About this task ▸ Copy each line of the data below exactly, leaving out pictures.

══════

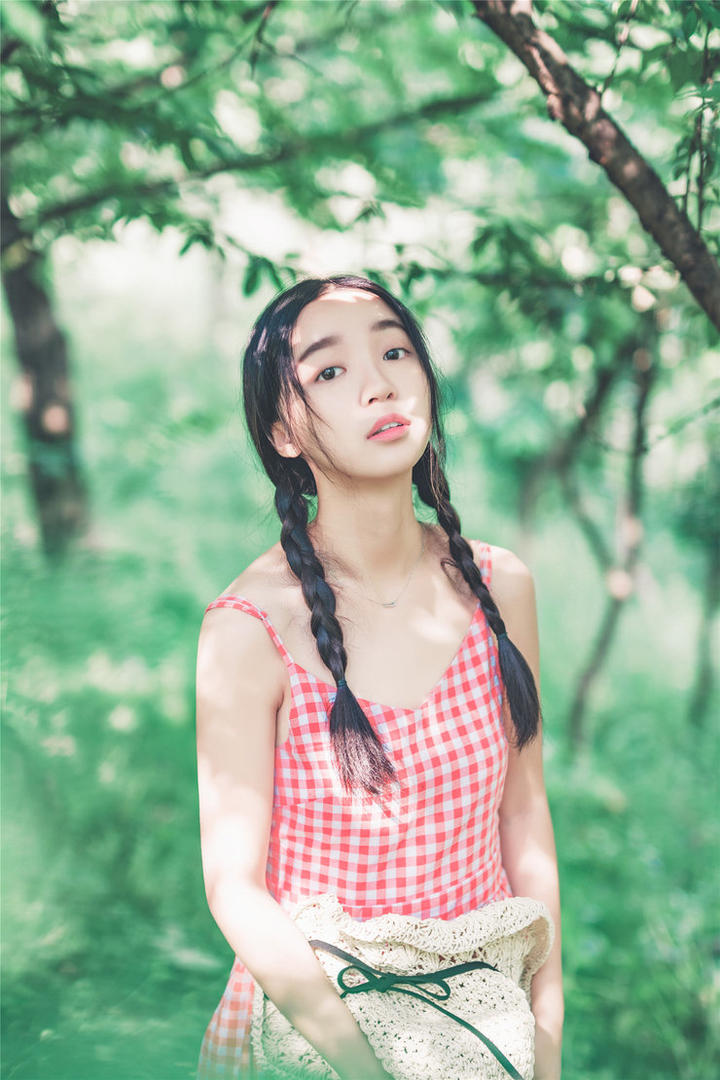 高清户外清纯美女图片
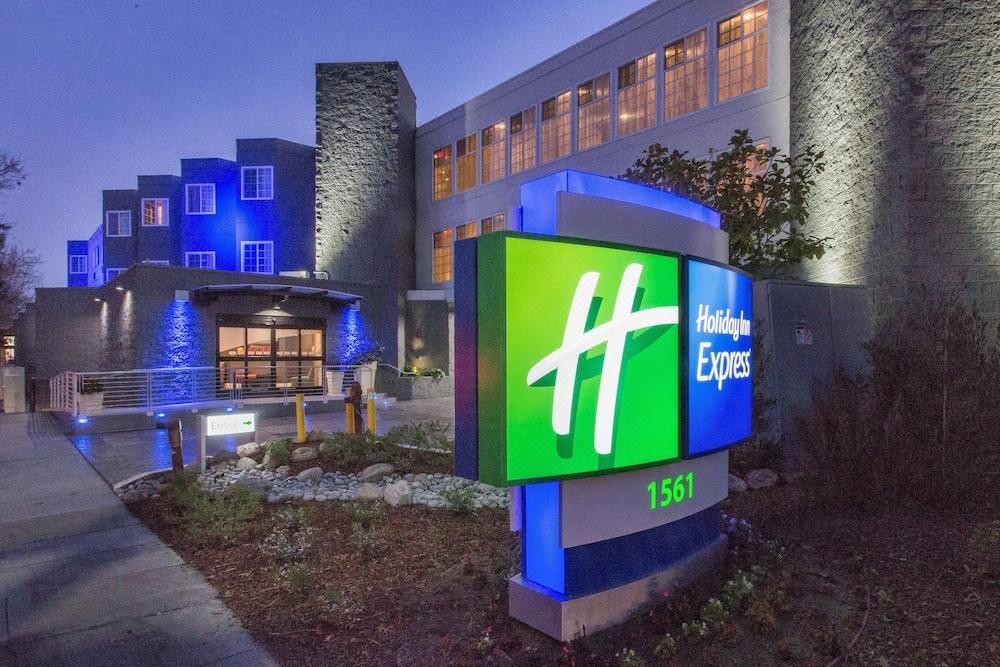 Photo of Buildings in Mountain View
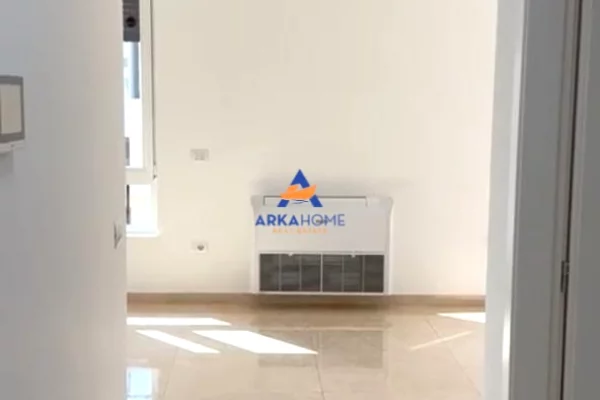 AMBJENT PER ZYRA ME QERA 105 M2 " TREGU CAM " 1100 EURO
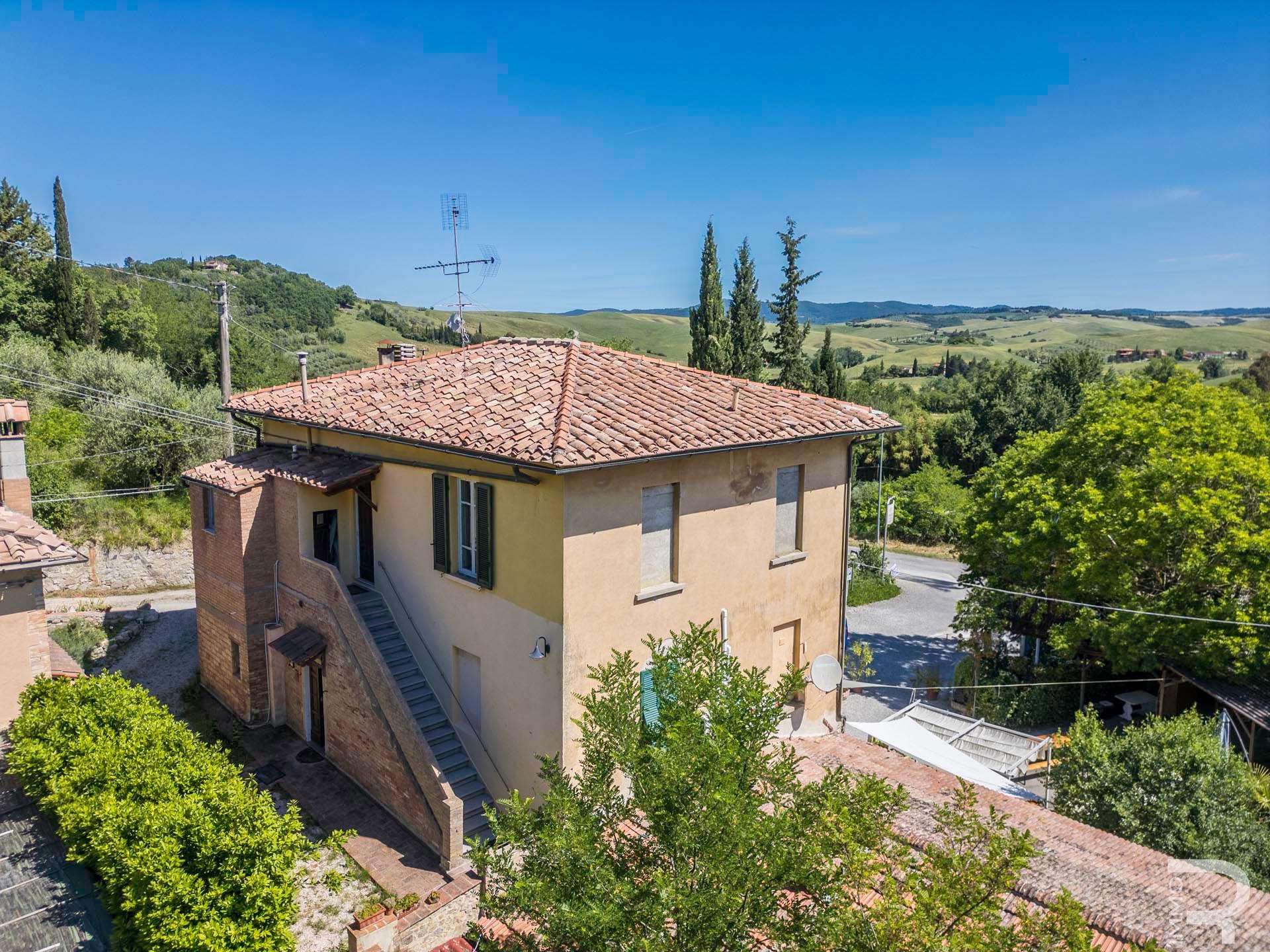 14_5a7TRPS Villa – Volterra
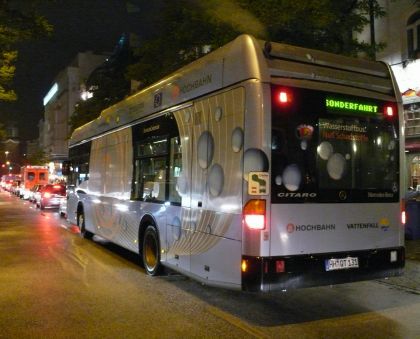 Záběry hamburského autobusu Mercedes-Benz Citaro na vodíkové palivové články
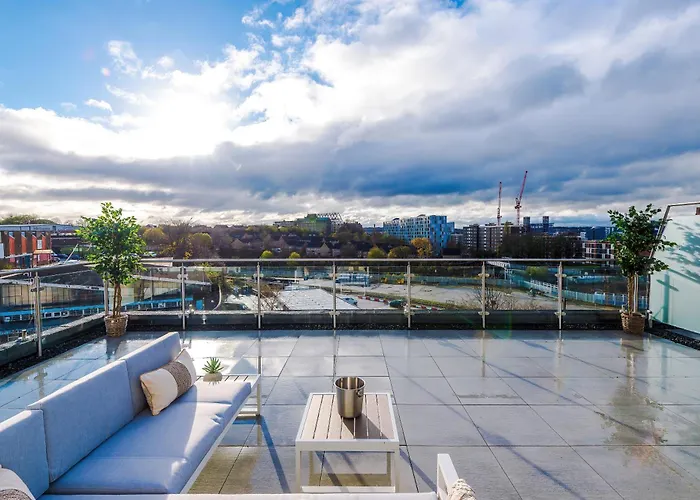 Apartment Luxury 2 Bed Apartment- Centre- Large Private Terrace & Free Parking *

══════

Written reply ▸
 高清户外清纯美女图片
 Photo of Buildings in Mountain View
 AMBJENT PER ZYRA ME QERA 105 M2 " TREGU CAM " 1100 EURO
 14_5a7TRPS Villa – Volterra
 Záběry hamburského autobusu Mercedes-Benz Citaro na vodíkové palivové články
 Apartment Luxury 2 Bed Apartment- Centre- Large Private Terrace & Free Parking *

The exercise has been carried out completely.